Loyola University Museum of Art, Chicago, Illinois. 28 July 2012 until 28 October 2012.

Why video?

In 1969, I enrolled in art school intent on studying painting and sculpture — until I saw this beautiful glowing image on a television set. Since that moment, I have been on a non-stop wild ride as the medium has continued to change. We're still at the beginning of the digital era, which I feel will be as profound as the Industrial Revolution. It will ultimately entail the merging of man and machine, a complete recreation of the species.

How do you feel about technology?

Ambivalent. It can bring extraordinary visions, and tools for the advancement of science and culture or, as with the atom bomb, annihilate entire populations. At an audience with the Dalai Lama in 2005, I said that video was responsible for many of the world's problems. He held up a fork and said, “No. It's not the technology, it's the intention of the person. If I have hatred in my heart I can kill you with this fork, but if I have love in my heart I can feed you with it.”

In Bill Viola's Ocean Without a Shore, a wall of water symbolizes the threshold between life and death. Credit: KIRA PEROV

You've designed a meditative video game; what does that involve?

Since 2005, I've been working on an experimental video game called The Night Journey with Tracy Fullerton and her team at the Game Innovation Lab at the University of Southern California in Los Angeles.

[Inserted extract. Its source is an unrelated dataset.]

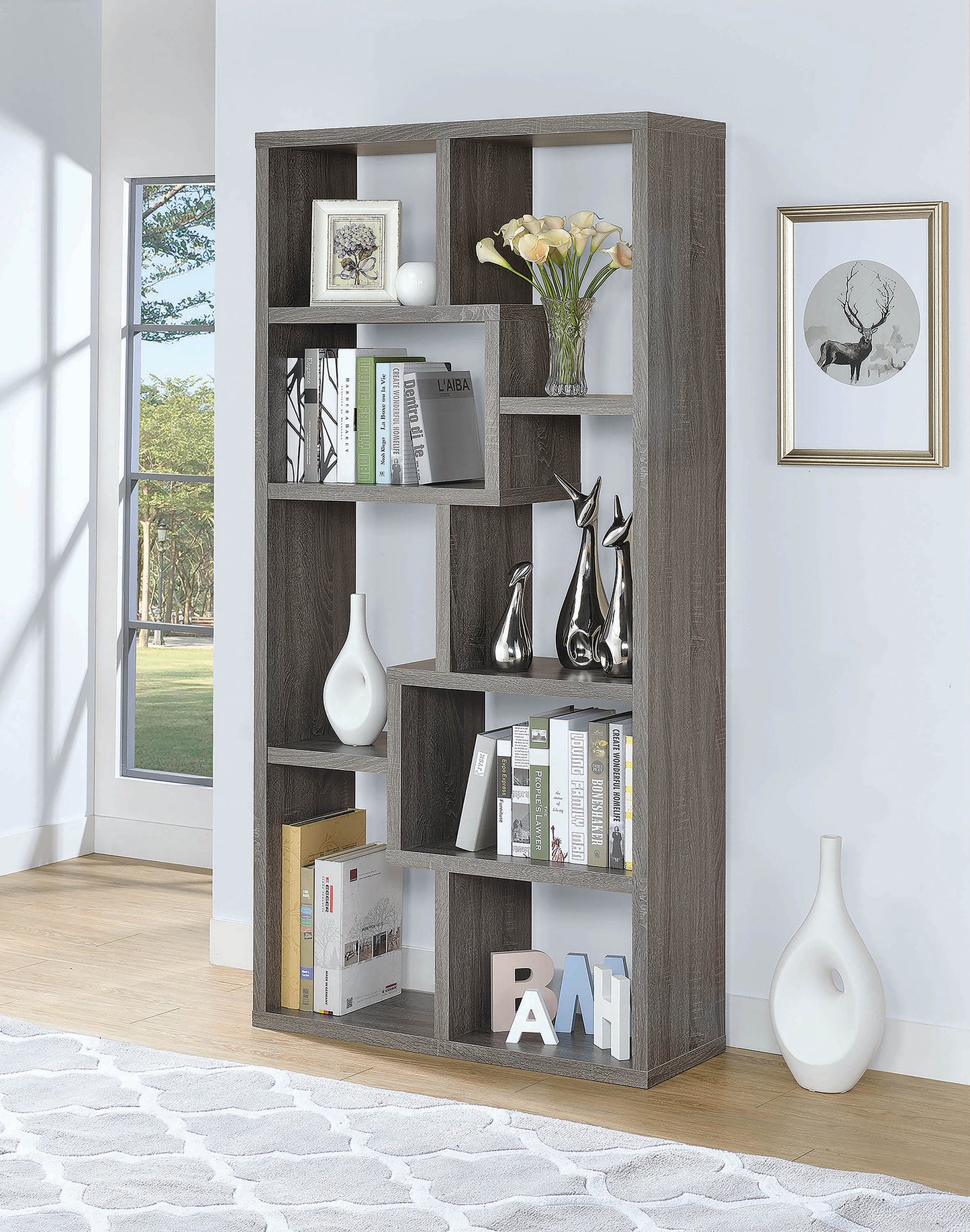 Theo 71-inch 6-shelf Bookshelf Weathered Grey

We are trying to use the medium to allow people to learn how to negotiate their inner world. The game is inspired by the writings of mystics such as Rumi and St Catherine of Siena. The player explores a darkening landscape, trying to delay nightfall to make a personal journey towards enlightenment. My prior video works are used as source material for interludes in which players encounter a special place for reflection.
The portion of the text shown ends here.